About this task:
From the line containing "4 Photograph of" down to the line containing "1 Bedroom Apartment" in the records below, reproduce every line exactly, ends included, and omit all others.

Record set:
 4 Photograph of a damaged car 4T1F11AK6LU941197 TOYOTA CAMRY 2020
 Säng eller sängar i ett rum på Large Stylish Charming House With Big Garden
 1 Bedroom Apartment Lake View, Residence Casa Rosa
--
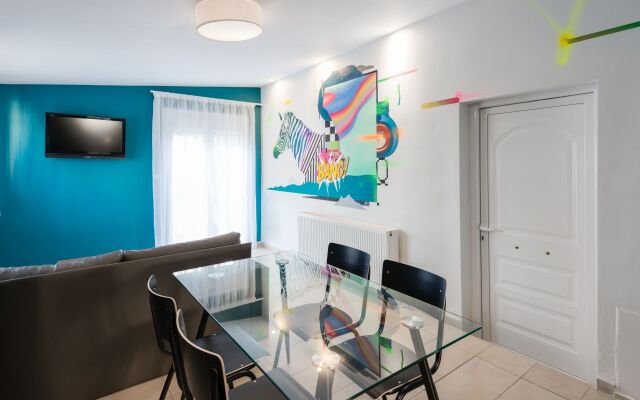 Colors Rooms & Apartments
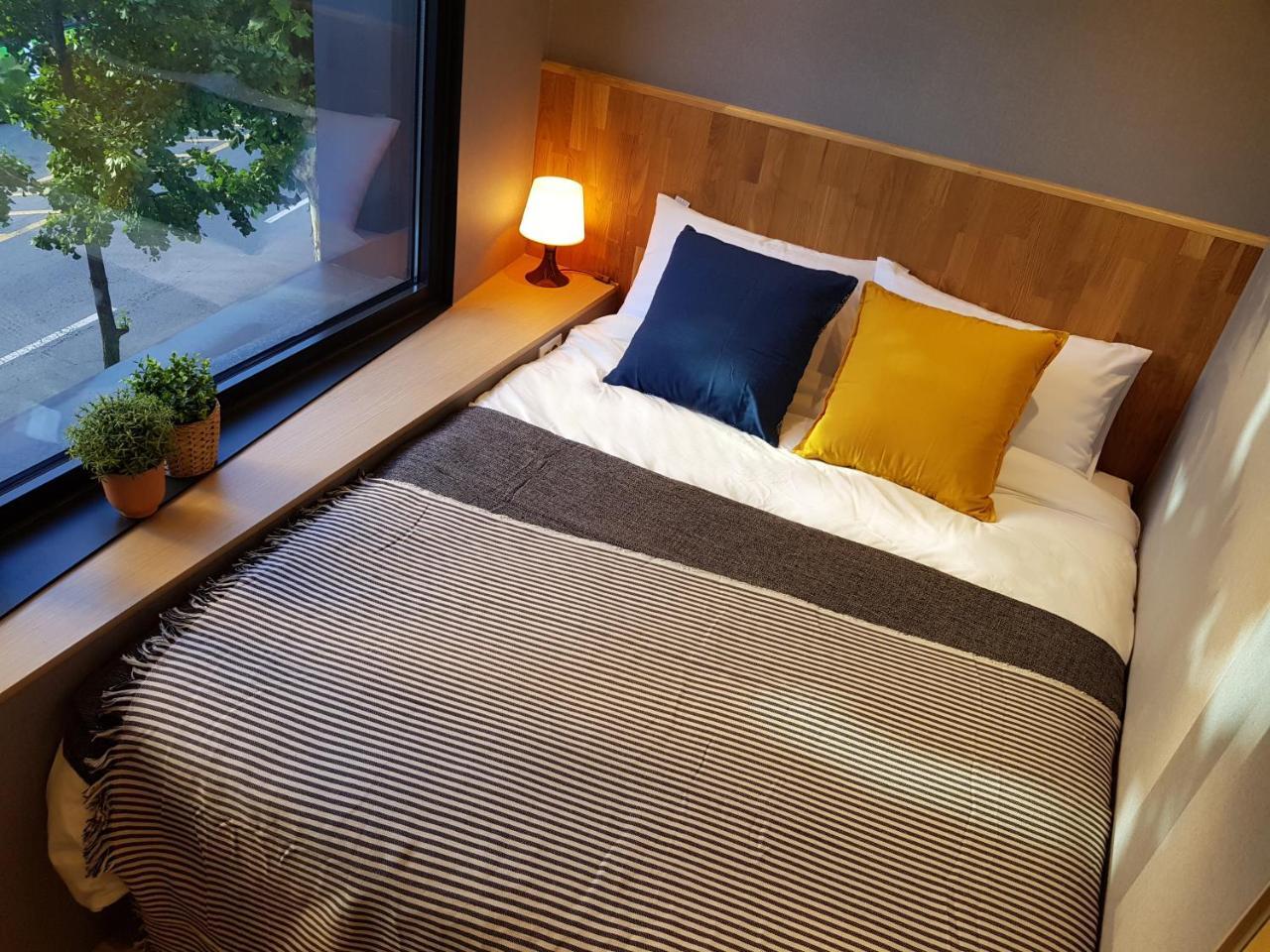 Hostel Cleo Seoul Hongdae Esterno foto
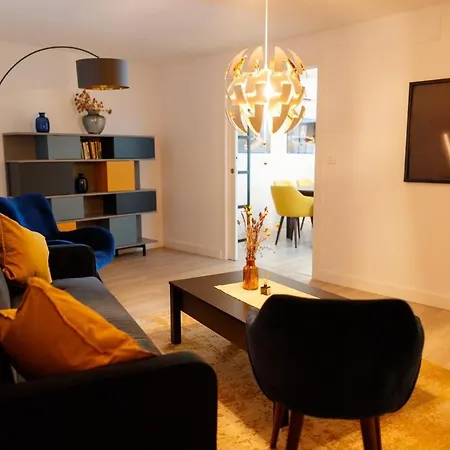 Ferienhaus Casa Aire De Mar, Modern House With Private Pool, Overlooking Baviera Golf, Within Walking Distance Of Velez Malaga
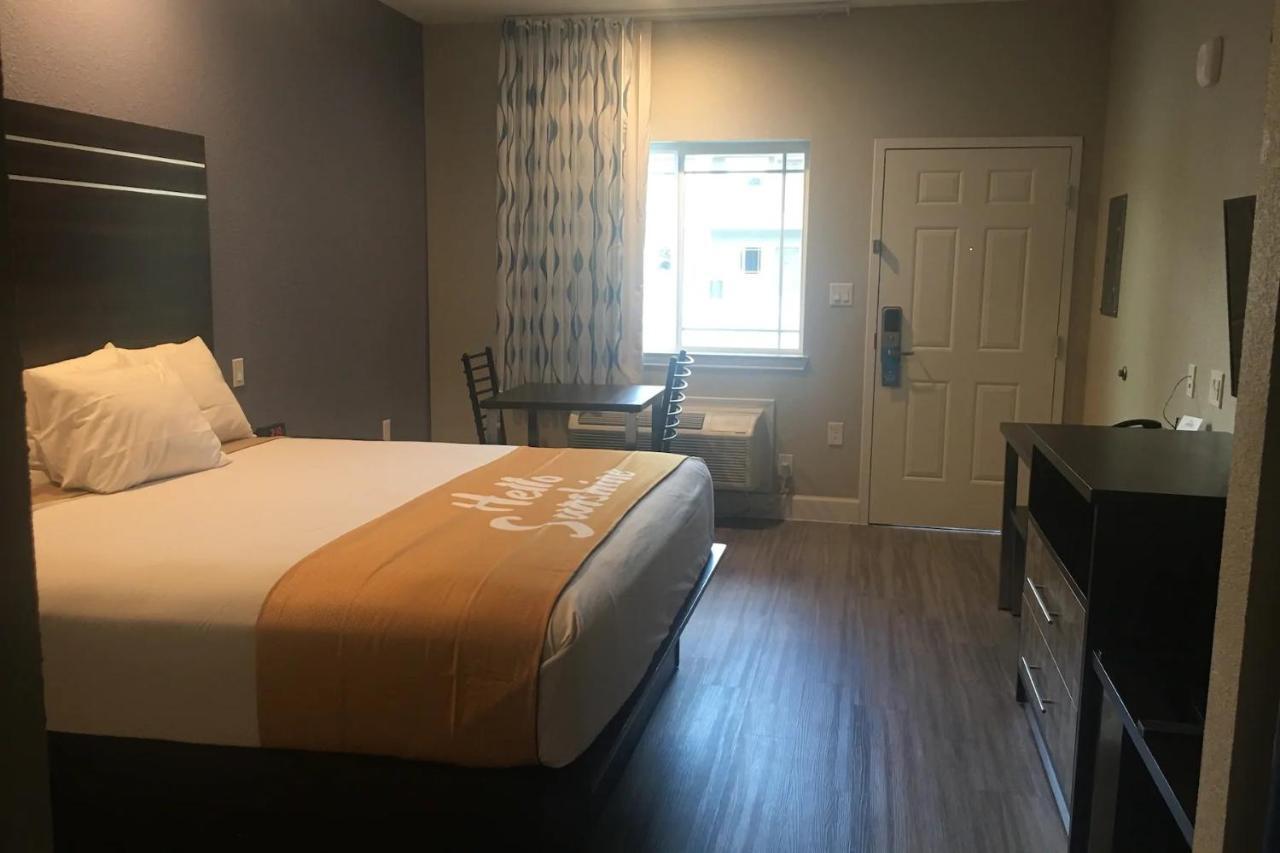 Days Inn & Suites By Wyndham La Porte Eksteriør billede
---
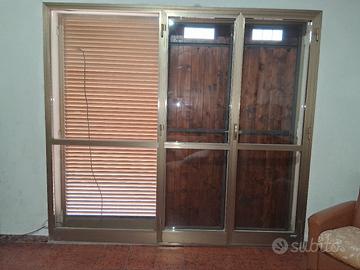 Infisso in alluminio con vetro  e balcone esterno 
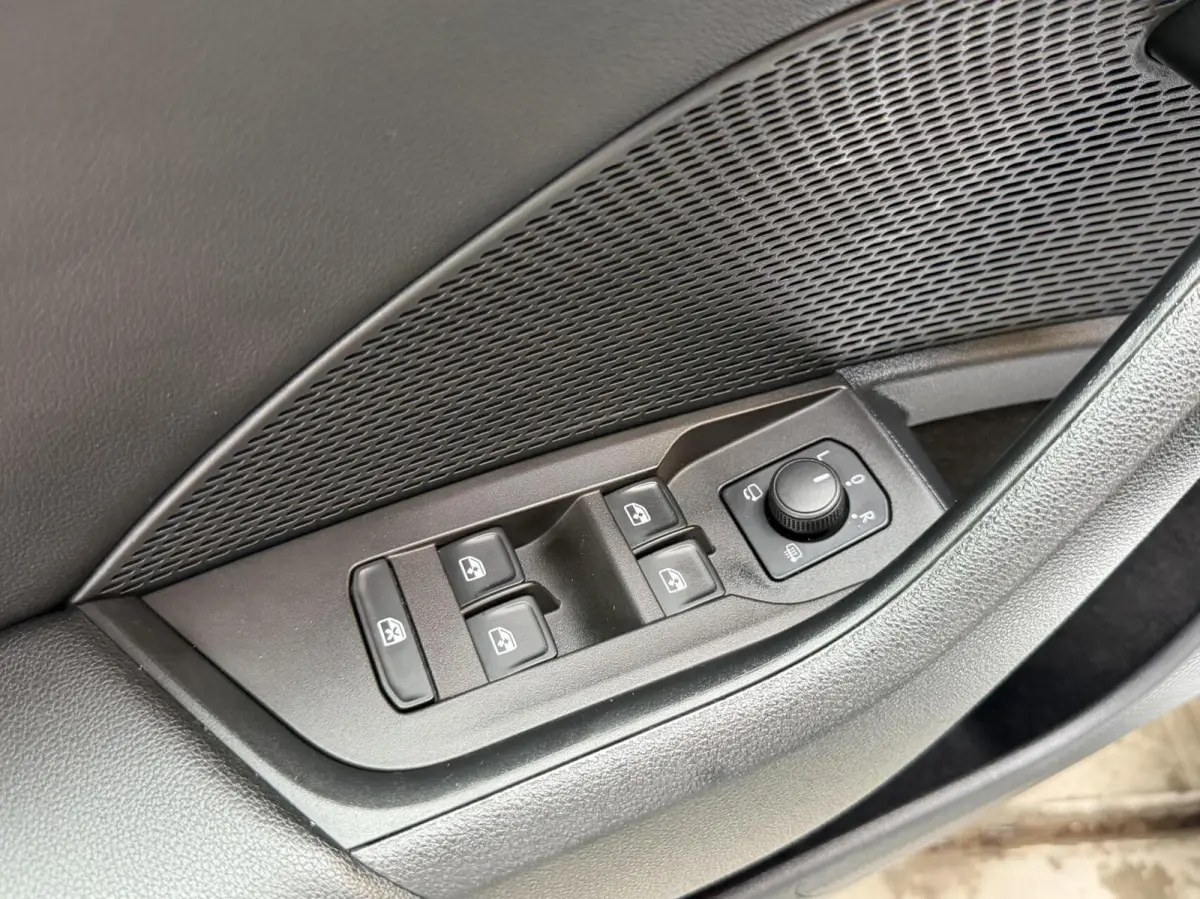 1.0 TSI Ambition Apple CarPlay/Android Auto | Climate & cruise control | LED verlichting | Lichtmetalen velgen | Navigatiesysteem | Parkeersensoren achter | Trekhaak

Task answer:
 4 Photograph of a damaged car 4T1F11AK6LU941197 TOYOTA CAMRY 2020
 Säng eller sängar i ett rum på Large Stylish Charming House With Big Garden
 1 Bedroom Apartment Lake View, Residence Casa Rosa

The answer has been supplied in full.